Vatican City: The Vatican on Friday hailed as "noble and encouraging" this year`s Nobel Peace Prize awards to Liberian President Ellen Johnson Sirleaf and two other women.
"I know the Liberian President and I can attest that her leadership, her initiative in politics is very much appreciated by us in west Africa," said Ghanaian Cardinal Peter Kodwo Appiah Turkson. Turkson, who is president of the Pontifical Council for Justice and Peace, told Radio Vatican that the other Liberian winner, Leymah Gbowee, was "a person who encourages women to hold their heads high".
He also said he "backed" the award for Yemen`s Arab Spring activist Tawakkul Karman.
Sirleaf, 72, made history when she became Africa`s first elected woman president in 2005, taking over after 14 years of civil war that left 250,000 dead.
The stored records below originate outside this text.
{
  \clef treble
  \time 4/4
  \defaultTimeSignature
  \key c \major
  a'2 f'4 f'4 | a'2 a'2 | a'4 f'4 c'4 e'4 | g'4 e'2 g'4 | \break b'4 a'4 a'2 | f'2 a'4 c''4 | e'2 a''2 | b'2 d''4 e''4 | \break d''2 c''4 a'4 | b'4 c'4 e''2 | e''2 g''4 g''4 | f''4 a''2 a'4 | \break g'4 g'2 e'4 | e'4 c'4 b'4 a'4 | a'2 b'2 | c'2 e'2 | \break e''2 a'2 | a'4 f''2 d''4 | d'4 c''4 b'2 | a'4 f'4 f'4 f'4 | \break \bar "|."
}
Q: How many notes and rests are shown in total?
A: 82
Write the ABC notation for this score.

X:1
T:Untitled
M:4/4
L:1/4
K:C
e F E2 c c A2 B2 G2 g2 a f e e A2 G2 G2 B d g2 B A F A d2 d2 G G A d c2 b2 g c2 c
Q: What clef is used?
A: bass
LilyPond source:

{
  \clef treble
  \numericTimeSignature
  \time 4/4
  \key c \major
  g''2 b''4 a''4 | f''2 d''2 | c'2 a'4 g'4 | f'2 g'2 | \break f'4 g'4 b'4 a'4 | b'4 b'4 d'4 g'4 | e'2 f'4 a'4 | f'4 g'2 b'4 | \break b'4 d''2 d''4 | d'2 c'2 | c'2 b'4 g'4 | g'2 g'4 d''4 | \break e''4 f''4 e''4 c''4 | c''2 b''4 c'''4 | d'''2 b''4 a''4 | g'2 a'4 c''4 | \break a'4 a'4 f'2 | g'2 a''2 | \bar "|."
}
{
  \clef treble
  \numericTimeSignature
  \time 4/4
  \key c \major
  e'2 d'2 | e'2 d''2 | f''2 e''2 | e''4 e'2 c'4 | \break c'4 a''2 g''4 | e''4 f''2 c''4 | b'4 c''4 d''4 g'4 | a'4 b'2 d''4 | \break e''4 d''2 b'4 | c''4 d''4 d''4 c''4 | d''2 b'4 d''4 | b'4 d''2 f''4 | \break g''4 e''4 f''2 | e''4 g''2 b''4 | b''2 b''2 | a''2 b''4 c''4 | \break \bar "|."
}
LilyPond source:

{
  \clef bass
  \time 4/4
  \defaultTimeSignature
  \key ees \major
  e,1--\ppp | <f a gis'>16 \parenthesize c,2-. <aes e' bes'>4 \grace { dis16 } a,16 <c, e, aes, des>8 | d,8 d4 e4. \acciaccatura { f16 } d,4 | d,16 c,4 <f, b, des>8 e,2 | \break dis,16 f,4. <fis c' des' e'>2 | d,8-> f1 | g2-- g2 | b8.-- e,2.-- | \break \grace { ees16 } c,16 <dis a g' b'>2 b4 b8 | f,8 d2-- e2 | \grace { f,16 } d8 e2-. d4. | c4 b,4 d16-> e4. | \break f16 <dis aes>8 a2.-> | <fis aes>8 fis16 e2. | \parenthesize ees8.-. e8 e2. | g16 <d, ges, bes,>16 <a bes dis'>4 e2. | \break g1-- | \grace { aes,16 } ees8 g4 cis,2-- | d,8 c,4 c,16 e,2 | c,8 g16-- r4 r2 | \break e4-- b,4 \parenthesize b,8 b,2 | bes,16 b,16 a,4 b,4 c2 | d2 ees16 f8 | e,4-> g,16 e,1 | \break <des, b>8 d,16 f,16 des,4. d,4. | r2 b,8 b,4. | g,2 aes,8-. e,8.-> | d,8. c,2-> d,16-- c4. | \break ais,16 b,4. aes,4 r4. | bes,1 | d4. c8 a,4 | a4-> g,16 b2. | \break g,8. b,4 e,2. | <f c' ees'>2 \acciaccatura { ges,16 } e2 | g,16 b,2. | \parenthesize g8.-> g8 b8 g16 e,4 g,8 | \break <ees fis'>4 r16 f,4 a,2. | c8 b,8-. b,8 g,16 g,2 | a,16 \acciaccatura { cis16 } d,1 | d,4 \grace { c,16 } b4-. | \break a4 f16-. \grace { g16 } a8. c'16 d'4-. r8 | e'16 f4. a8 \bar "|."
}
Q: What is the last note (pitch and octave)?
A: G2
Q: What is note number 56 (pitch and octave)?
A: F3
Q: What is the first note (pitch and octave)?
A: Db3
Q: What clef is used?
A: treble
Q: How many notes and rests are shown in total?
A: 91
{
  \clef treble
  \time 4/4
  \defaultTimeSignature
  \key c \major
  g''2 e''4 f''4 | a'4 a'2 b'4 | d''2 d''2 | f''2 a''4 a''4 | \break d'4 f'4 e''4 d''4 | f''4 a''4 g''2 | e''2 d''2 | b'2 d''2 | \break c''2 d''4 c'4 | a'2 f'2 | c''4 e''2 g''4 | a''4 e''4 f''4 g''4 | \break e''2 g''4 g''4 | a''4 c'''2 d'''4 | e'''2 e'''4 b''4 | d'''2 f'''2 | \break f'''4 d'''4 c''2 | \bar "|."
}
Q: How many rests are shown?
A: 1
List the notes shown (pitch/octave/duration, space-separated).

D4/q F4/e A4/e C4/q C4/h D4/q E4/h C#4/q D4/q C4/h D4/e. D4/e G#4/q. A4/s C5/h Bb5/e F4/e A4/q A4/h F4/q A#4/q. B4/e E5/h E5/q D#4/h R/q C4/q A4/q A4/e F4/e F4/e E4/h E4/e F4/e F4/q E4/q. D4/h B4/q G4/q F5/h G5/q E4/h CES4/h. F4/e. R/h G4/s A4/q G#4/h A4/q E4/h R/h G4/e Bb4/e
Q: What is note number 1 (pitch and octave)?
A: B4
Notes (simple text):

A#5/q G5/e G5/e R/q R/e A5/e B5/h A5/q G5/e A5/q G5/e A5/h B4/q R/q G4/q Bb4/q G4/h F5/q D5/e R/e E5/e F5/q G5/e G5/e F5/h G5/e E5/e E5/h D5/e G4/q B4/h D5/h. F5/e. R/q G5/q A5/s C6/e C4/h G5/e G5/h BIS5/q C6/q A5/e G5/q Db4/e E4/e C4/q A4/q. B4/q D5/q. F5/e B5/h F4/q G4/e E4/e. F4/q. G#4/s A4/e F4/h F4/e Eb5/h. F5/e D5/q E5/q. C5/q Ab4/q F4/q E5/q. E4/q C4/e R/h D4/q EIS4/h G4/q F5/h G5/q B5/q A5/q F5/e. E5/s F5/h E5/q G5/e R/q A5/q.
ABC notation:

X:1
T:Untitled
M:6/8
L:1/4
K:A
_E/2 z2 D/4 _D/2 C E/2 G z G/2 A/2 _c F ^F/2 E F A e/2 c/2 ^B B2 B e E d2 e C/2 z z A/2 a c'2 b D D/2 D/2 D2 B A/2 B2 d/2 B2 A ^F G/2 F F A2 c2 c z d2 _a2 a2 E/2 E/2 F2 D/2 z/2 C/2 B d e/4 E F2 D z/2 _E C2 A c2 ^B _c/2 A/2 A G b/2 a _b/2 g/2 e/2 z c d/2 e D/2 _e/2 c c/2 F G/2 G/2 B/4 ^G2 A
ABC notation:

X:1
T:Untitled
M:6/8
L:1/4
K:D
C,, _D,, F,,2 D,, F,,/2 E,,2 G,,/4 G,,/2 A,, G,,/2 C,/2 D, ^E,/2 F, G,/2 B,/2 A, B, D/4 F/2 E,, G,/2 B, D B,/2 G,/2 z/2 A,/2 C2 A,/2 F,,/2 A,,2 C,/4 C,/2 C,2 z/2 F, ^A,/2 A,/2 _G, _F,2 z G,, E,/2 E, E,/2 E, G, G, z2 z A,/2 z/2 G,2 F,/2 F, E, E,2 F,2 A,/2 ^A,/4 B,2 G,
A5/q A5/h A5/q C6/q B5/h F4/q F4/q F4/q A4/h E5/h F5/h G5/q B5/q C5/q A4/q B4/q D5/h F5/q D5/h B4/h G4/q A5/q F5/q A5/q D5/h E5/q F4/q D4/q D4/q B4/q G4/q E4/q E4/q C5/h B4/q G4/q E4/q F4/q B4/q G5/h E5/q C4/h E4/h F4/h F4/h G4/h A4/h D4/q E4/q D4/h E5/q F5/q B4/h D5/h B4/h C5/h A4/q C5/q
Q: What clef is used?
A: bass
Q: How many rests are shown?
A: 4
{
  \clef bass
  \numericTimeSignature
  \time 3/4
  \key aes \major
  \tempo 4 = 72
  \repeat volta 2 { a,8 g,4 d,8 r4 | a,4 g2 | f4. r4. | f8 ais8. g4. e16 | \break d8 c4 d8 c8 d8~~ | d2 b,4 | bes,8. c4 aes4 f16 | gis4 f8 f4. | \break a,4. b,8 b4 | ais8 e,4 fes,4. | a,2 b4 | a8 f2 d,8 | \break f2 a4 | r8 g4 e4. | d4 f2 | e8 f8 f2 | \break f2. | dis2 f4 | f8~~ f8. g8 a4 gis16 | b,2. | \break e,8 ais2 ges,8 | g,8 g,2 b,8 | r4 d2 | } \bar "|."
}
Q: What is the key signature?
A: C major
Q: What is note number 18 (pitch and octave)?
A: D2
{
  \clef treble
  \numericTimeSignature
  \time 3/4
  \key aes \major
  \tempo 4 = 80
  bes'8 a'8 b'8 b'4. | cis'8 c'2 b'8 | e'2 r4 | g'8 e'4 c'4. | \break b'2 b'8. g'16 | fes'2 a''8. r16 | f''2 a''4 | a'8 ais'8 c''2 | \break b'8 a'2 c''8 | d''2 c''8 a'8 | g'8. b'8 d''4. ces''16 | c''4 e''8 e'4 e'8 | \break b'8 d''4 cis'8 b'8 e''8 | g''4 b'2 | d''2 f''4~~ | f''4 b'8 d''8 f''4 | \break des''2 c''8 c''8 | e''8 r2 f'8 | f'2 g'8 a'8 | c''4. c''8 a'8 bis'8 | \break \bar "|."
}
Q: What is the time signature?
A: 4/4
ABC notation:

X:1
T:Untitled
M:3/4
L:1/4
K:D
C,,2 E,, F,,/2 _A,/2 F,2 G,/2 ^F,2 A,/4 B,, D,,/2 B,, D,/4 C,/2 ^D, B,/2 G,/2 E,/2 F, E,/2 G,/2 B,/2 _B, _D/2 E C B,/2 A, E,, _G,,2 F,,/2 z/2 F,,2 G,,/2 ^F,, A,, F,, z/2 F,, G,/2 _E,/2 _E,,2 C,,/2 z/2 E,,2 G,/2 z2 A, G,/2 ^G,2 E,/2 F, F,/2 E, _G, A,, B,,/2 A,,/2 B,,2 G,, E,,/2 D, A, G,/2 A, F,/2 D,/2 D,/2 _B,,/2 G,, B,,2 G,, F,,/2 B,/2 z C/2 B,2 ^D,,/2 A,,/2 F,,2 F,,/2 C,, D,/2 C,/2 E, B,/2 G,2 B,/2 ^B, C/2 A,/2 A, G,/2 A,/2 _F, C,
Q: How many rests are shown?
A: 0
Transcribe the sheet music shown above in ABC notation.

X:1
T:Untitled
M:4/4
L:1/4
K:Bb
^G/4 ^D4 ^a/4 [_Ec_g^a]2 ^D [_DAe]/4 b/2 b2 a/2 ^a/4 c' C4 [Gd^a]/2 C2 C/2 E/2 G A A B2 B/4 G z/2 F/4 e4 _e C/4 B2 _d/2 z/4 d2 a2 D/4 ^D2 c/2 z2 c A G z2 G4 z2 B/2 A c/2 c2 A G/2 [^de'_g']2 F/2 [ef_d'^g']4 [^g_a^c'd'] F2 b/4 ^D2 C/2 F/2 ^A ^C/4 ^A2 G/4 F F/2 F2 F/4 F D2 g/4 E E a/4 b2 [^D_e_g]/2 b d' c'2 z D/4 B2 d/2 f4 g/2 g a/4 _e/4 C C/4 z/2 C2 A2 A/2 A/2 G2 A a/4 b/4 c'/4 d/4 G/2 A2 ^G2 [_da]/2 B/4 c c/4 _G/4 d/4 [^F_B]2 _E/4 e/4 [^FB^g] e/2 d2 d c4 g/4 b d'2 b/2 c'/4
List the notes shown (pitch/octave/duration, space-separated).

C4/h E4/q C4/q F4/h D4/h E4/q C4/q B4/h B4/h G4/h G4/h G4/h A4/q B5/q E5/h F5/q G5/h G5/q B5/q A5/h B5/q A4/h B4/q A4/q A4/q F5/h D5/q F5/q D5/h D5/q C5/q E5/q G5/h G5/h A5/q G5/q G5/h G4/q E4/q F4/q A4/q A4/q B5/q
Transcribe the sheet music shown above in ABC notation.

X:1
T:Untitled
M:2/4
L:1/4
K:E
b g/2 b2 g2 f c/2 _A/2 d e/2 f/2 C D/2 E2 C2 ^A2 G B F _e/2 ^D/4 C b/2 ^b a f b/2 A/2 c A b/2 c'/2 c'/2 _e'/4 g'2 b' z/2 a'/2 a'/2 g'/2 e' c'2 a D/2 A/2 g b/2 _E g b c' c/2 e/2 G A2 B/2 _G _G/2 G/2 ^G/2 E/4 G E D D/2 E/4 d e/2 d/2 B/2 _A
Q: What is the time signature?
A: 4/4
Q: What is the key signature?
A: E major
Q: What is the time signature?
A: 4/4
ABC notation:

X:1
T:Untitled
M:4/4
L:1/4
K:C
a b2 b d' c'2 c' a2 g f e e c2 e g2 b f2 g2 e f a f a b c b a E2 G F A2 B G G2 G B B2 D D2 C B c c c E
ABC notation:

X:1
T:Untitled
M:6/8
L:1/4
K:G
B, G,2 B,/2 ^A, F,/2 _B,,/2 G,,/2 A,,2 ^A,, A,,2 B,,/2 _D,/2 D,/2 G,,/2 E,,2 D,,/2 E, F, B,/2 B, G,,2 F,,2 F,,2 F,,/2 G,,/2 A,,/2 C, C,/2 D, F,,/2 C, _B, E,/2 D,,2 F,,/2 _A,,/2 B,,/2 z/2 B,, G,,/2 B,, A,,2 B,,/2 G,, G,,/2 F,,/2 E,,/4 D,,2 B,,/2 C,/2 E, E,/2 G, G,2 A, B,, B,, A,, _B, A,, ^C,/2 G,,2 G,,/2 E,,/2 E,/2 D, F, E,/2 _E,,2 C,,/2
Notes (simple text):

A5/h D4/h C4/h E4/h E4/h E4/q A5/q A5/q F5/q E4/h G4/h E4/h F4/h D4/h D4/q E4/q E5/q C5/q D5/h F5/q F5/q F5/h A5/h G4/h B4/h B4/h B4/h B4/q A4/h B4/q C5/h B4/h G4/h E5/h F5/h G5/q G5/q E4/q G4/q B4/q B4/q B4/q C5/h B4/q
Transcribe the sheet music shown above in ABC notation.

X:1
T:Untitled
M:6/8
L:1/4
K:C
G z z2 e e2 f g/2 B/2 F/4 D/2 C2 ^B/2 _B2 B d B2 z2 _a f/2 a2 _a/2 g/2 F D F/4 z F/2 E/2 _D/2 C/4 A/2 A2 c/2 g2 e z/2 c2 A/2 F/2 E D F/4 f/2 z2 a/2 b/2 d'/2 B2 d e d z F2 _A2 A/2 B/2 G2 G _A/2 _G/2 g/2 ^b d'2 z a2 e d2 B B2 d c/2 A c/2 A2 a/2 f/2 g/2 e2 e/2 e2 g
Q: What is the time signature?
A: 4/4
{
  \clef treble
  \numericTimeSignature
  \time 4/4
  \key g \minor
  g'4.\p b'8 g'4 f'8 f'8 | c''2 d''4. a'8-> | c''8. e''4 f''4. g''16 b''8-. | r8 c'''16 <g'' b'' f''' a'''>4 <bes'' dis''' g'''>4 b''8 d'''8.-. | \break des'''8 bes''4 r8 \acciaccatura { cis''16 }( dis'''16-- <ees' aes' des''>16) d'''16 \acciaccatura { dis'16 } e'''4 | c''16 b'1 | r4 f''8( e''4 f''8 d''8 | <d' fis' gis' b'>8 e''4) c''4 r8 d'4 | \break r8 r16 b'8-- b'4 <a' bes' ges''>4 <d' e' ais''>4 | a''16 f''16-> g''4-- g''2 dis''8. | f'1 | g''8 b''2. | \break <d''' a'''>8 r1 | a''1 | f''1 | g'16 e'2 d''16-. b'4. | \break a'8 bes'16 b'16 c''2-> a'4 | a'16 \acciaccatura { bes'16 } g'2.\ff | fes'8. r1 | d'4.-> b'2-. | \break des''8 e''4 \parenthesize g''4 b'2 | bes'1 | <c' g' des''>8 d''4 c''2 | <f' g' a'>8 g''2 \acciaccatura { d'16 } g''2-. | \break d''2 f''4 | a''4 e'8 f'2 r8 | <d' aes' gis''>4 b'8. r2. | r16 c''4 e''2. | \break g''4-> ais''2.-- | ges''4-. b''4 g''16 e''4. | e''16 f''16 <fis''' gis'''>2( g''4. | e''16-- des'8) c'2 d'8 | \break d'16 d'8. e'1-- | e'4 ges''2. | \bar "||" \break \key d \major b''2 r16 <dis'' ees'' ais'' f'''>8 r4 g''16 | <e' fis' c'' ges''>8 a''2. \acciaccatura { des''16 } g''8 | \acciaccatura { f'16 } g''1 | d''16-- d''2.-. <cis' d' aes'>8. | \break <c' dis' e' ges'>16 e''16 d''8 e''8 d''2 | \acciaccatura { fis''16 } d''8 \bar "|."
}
Gbowee led Liberia`s women to defy feared warlords and their use of child soldiers and rape as "a toy of war". Karman, the youngest ever Peace Laureate at 32, is a Yemeni journalist and activist who has braved several stints in prison in her struggle for women`s rights, press freedoms and the release of political prisoners in her country.
The three share the 2011 award "for their non-violent struggle for the safety of women and for women`s rights to full participation in peace-building work", Norwegian Nobel Committee president Thorbjoern Jagland said.